═════ Entries provided
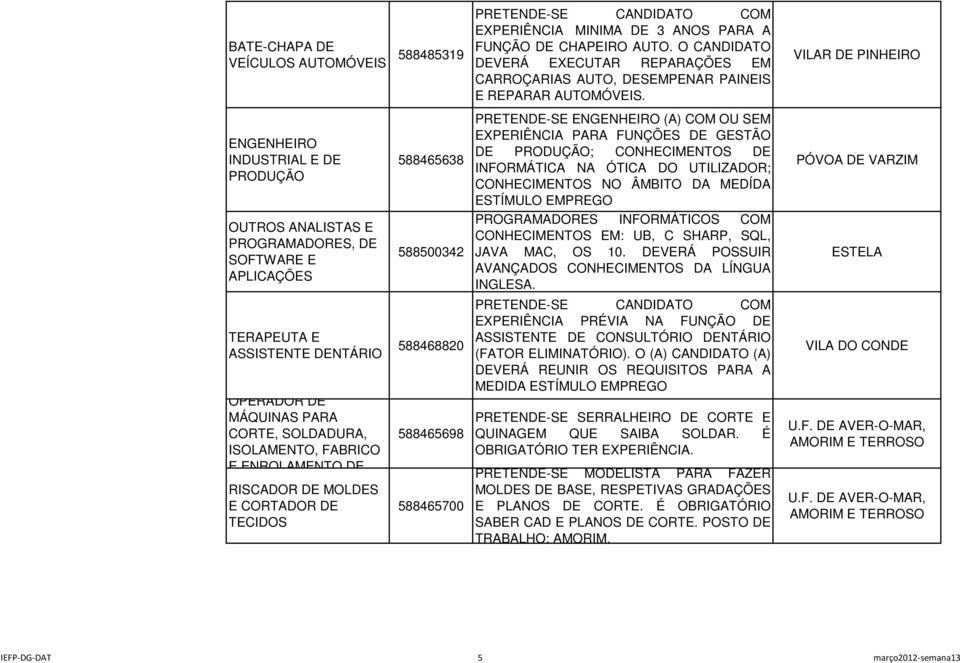 A FUNÇÃO DE CHAPEIRO AUTO. O CANDIDATO DEVERÁ EXECUTAR REPARAÇÕES EM CARROÇARIAS AUTO, DESEMPENAR PAINEIS E REPARAR AUTOMÓVEIS.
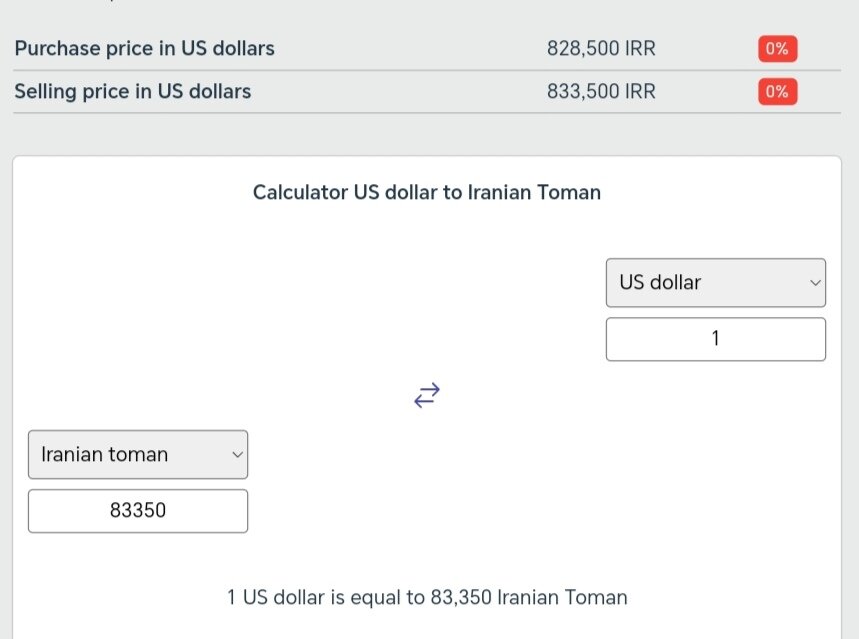 شاخص دلار امروز یکشنبه شنبه ۳۱ فروردین + نمودار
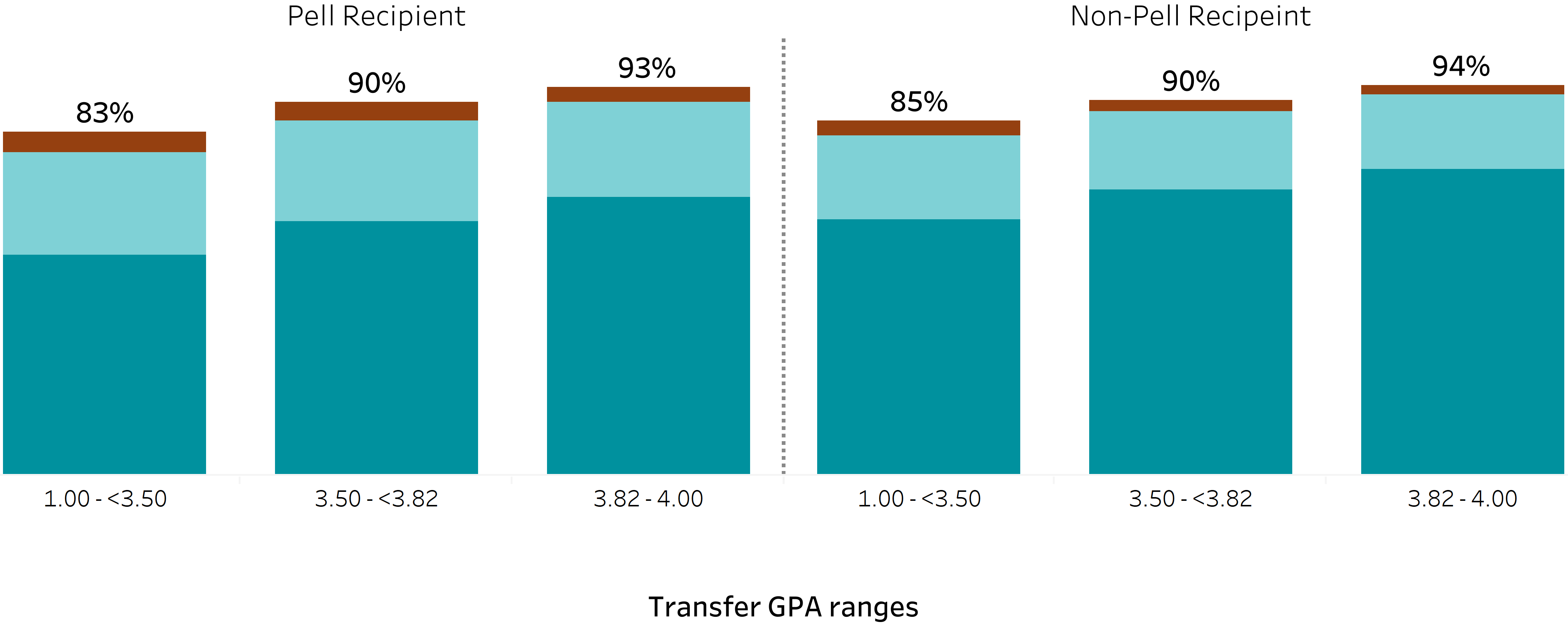 bar chart showing transfer four-year graduation rates by transfer GPA and Pell Grant status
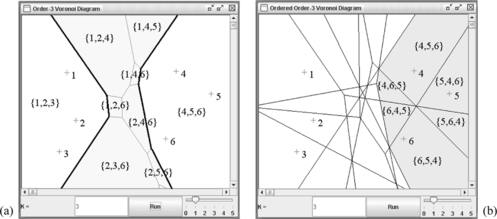 FIGURE 2 The order-3 Voronoi diagram and ordered order-3 Voronoi diagram of P (P is the same as in Figure 1): (a) (3)(P); (b) 〈3〉(P).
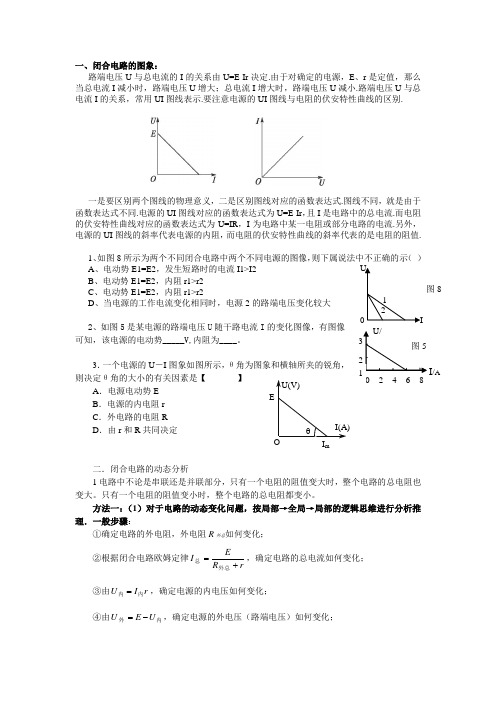 闭合电路图象及动态分析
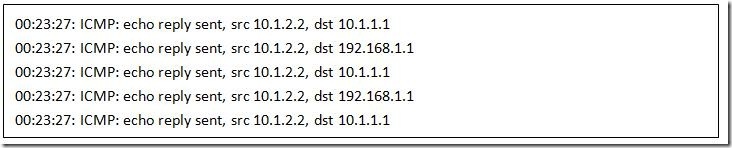 BSCI 实验总结 — EIGRP不等价负载均衡_BSCI_06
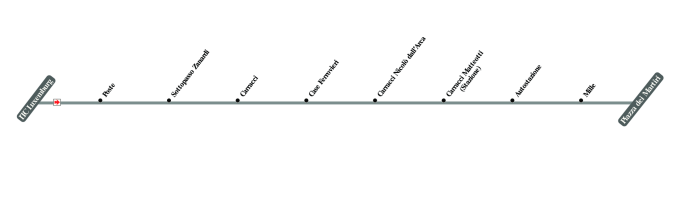 schematica linea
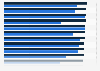Seat belt use by type in selected countries globally 2013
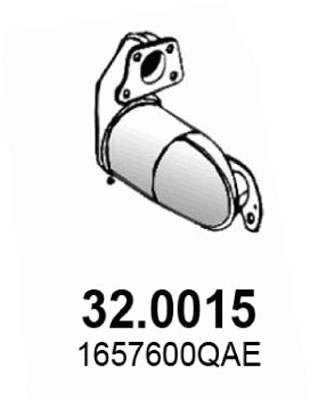 32.0015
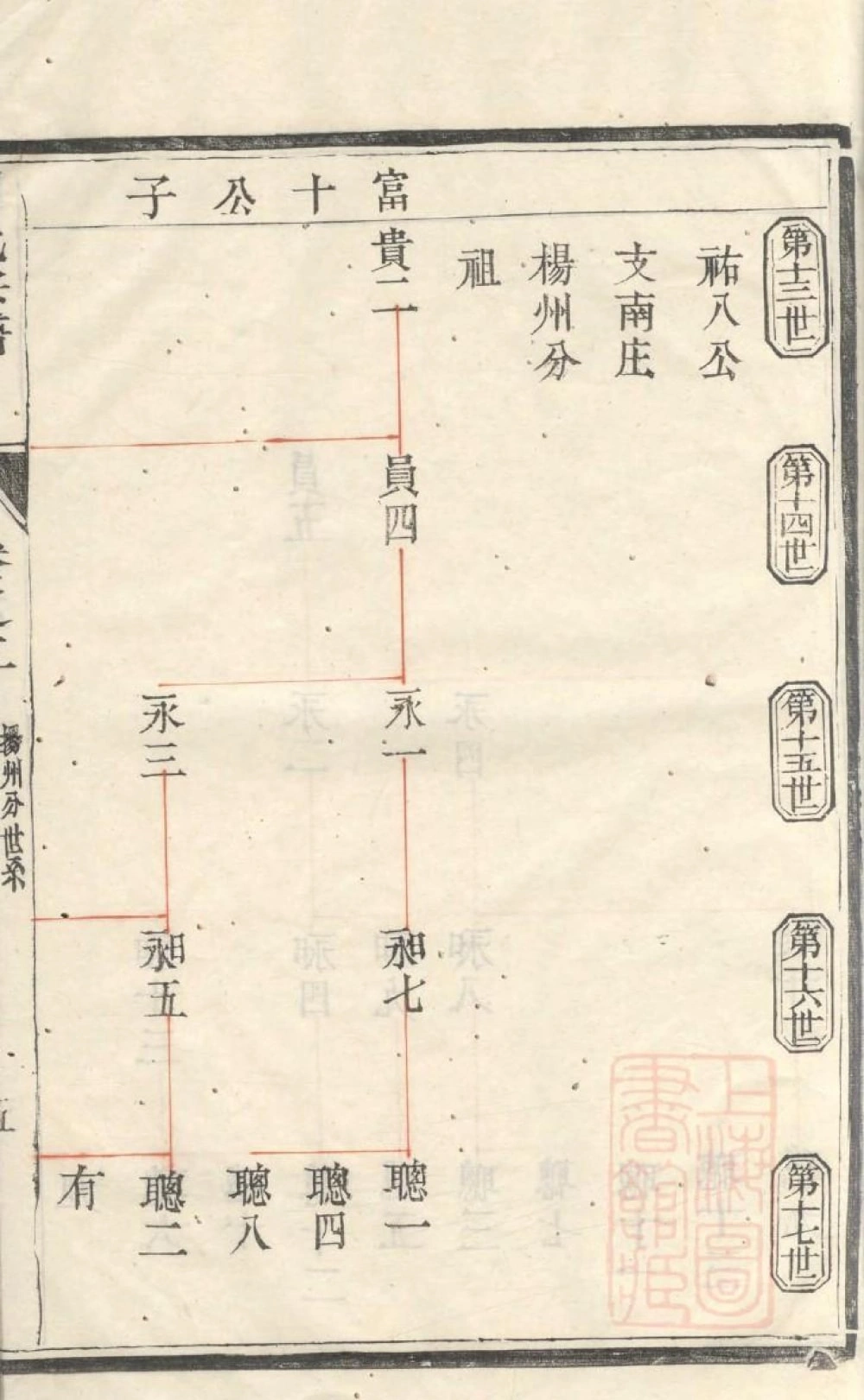 图片[3]-江苏镇江柳湖田氏宗谱电子版PDF下载-中华家谱网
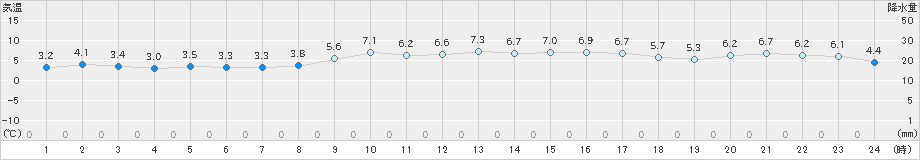 網代(>2022年02月07日)のアメダスグラフ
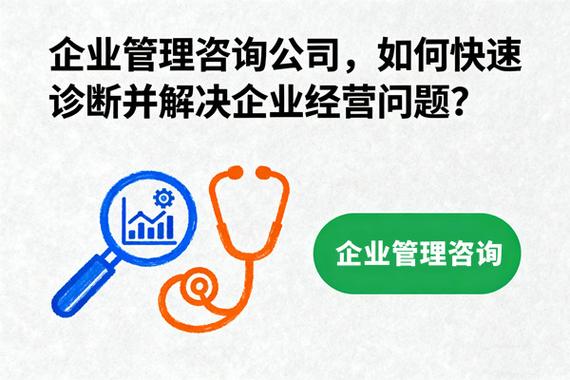 企业管理咨询公司如何快速诊断并解决企业经营问题？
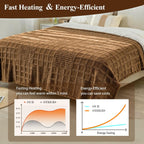 Eastsora Waffle Fleece Heated Blanket — Brown, Twin(72"x84") — image 5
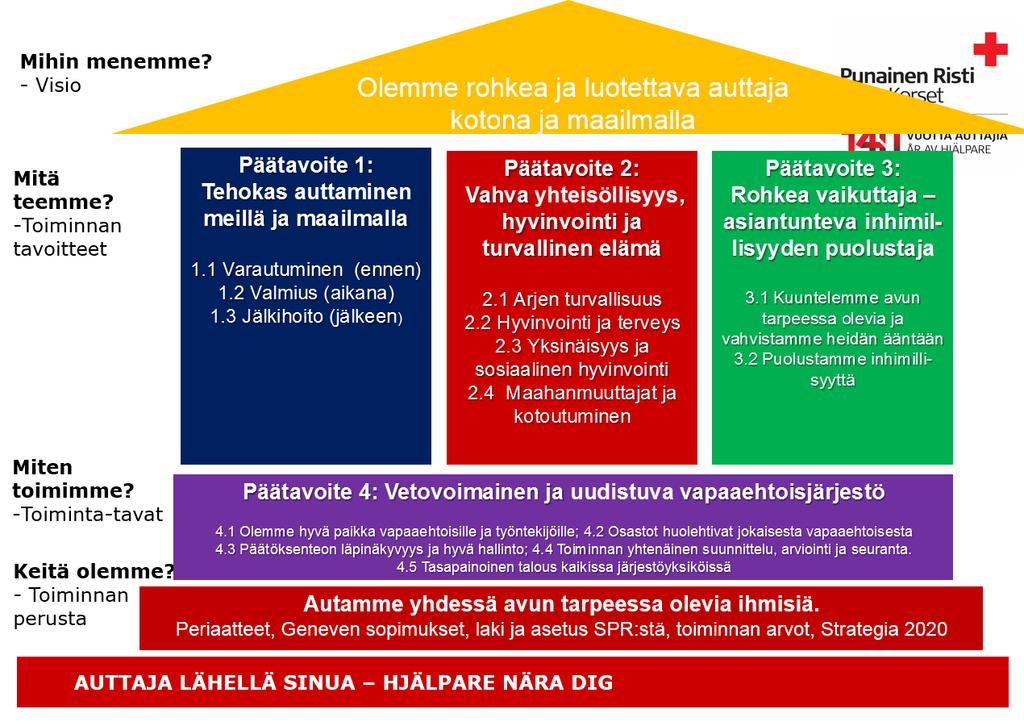 Toiminnan päätavoitteet 1. Tehokas auttaminen meillä ja maailmalla 2.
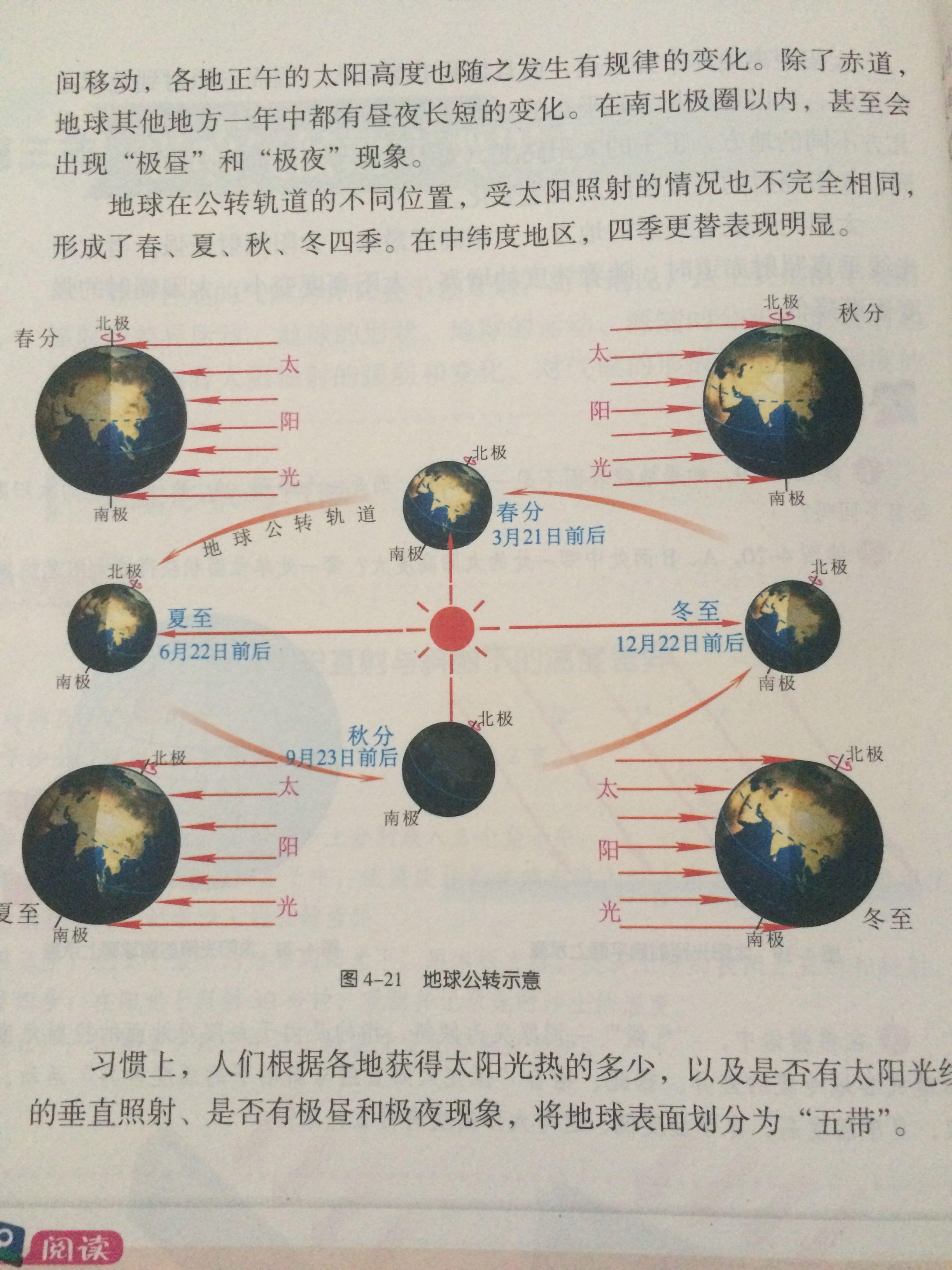 中学地理书上对二分二至日的描述是否过于粗略?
══════════
* Assigned task: Restate word for word the lines starting at the one that contains "schematica linea" and ending at the last line of the data. Skip every picture.

* Solution to this exercise:
 schematica linea
Seat belt use by type in selected countries globally 2013
 32.0015
 图片[3]-江苏镇江柳湖田氏宗谱电子版PDF下载-中华家谱网
 網代(>2022年02月07日)のアメダスグラフ
 企业管理咨询公司如何快速诊断并解决企业经营问题？
 Eastsora Waffle Fleece Heated Blanket — Brown, Twin(72"x84") — image 5
 Toiminnan päätavoitteet 1. Tehokas auttaminen meillä ja maailmalla 2.
 中学地理书上对二分二至日的描述是否过于粗略?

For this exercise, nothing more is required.